Canada’s economy has proven resilient through early 2026—bending, not collapsing despite significant headwinds, according to a recent RBC report.
A second consecutive gross domestic product decline in Q1 sparked recession concerns, but the underlying data tells a more encouraging story: Per-capita growth shows Canada is in an early-stage recovery rather than a contraction.
“To be clear, the economy is not strong yet. Unemployment is still too high. Population declines will continue to limit the underlying growth rate that can be generated. Sectors directly targeted by U.S. tariffs continue to underperform, and high fuel costs are cutting into household purchasing power,” said the report.
“But, headline growth numbers mask an important shift: Slowing population growth is depressing aggregate GDP while measures that reflect how households experience the economy show signs of improvement.
“On a per-person basis, the economy is still growing.

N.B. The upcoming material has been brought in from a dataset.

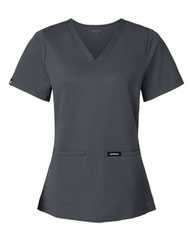 Women's Cesi Ultrasoft Scrub V-Neck Top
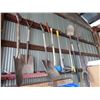 Image 1 : Qty of Axes, Hand Auger and Shovels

The unemployment rate also edged lower (6.6% in May from 6.8% at end of 2025)—a seemingly contradictory outcome that makes sense only when accounting for the contraction in the available workforce.”
RBC said it remains cautiously optimistic that enough support remains in place to sustain gradual improvement in those per-person and per-worker economic indicators this year with further tailwinds building into 2027.
“Higher energy costs are a real headwind, particularly for lower-income households where transportation costs absorb a much larger share of disposable incomes,” it said.
“Yet currently, purchases at the gas pumps account for about 3.5% of household incomes overall —up from 2.9% in Q4, but not historically high.
“The longer the energy price shock lasts, and the higher oil prices go, the larger the threat to consumer spending. But, for now, households have broadly continued to spend.”